What should DALYs measure?
Jeffery Hammer, an economist, argues that the goal that DALYs help to achieve is not the right one for policymakers to be pursuing. For Hammer, a debate about the specifics of the DALY is less fundamental than the debate about which economic model should be used for building health systems. The three main categories of goals for health systems, he writes, are “improving aggregate health status,” “improving equity and reducing poverty” and “improving individual welfare.”4 Of the three goals that Hammer describes, he emphasizes that DALYs or cost-effectiveness analysis can only reasonably address the goal of improving aggregate health status. When people argue against the use of the DALY, he says, they are really disputing that specific economic model, not the calculation itself. “Discussions of means are often confused by what are really disagreements about ends,” he writes.4
Hammer also questions the means by which policymakers attempt to address the goal of improving aggregate health status, which they support by using the DALY. Improving aggregate health involves “allocating limited resources to the provision of treatments for those diseases which have the highest health impact per dollar spent.”4 But if the state or other funding agencies are entering the business of providing health care, Hammer says, they should be focusing on “projects which yield the greatest improvement in the measure of health status chosen relative to what would happen if the Ministry did not do them” (author’s emphasis).4 That is, the government could provide a service that would yield a benefit, but if the service would have otherwise been provided by the private sector, then not all of the benefit could be attributed to the government’s action. Therefore, it is not always best to devote the most resources to the health problem that yields the most DALYs. To Hammer, DALYs “make no sense” because they are implemented according to an economic model that ignores the way the world works in practice.5 He sees this lack of awareness as an ethical problem because the uninformed decisions it leads to can potentially affect millions, if not billions, of people.
Michael Reich, another economist, sees as the main flaw of the DALY its goal of being a “double metric,” meaning it seeks to increase efficiency as well as equity.6 Reich disapproves of the DALY’s use as a means to achieve two of Hammer’s three goals (improving aggregate health status and improving equity), rather than only the one that Hammer argues that it is appropriate for (improving health status). The problem is that these two goals are not always aligned; Reich criticizes the 1993 World Development Report (WDR), for which the DALY was designed, for not specifying what to do “when cost-effectiveness and equity are in conflict.”6 Reich also sees ethical issues embedded in the use of the DALY, yet in the end, he does not fully reject it, because it “stands head and shoulders above all others [metrics used in the WDR].”6 He believes that combinatory measures of health are helpful and necessary, and that the problems with the DALY are less severe than problems with other proposed metrics. Reich might explain the continued use of the DALY in terms of convenience; it was invented for the World Health Organization, made readily available, and nothing better has emerged since.
Arguments against the DALY
Anand and Hanson, two economists who wrote an early, strongly-stated critique of Murray’s work, frame the problem in a way similar to Reich’s paper. Their primary critique of the DALY is that it attempts both to measure the global burden of disease and to guide the allocation of resources.1 In their paper, they explain how Murray failed to meet either of these goals individually and therefore why the DALY as a whole does not work.

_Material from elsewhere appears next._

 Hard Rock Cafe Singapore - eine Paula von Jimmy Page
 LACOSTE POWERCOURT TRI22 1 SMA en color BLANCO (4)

First, according to Anand and Hanson, the DALY failed to provide a measure for resource allocation because it did not account for differentials in resource availability. This idea parallels Hammer’s critique that governments ignore the contributions of the private sector (or lack thereof) when determining their own impact on health. Murray justifies his weighting technique with the example that “the premature death of a 40-year-old woman should contribute equally to estimates of the global burden of disease irrespective of whether she lives in the slums of Bogota or a wealthy suburb of Boston.”3 But Becker and her colleagues challenge readers to wonder “whether these two deaths are really alike,” since the individuals have different resources available and might be fulfilling different roles in their communities and families.7 Anand and Hanson also argue that since DALYs are based on baseline measurements from wealthy countries, the differential found between these populations and those of developing countries measures the “burden of disease and underdevelopment, and not that of disease alone” (authors’ emphasis).1 Both on an individual and a national scale, the DALY fails to account for differences in resources.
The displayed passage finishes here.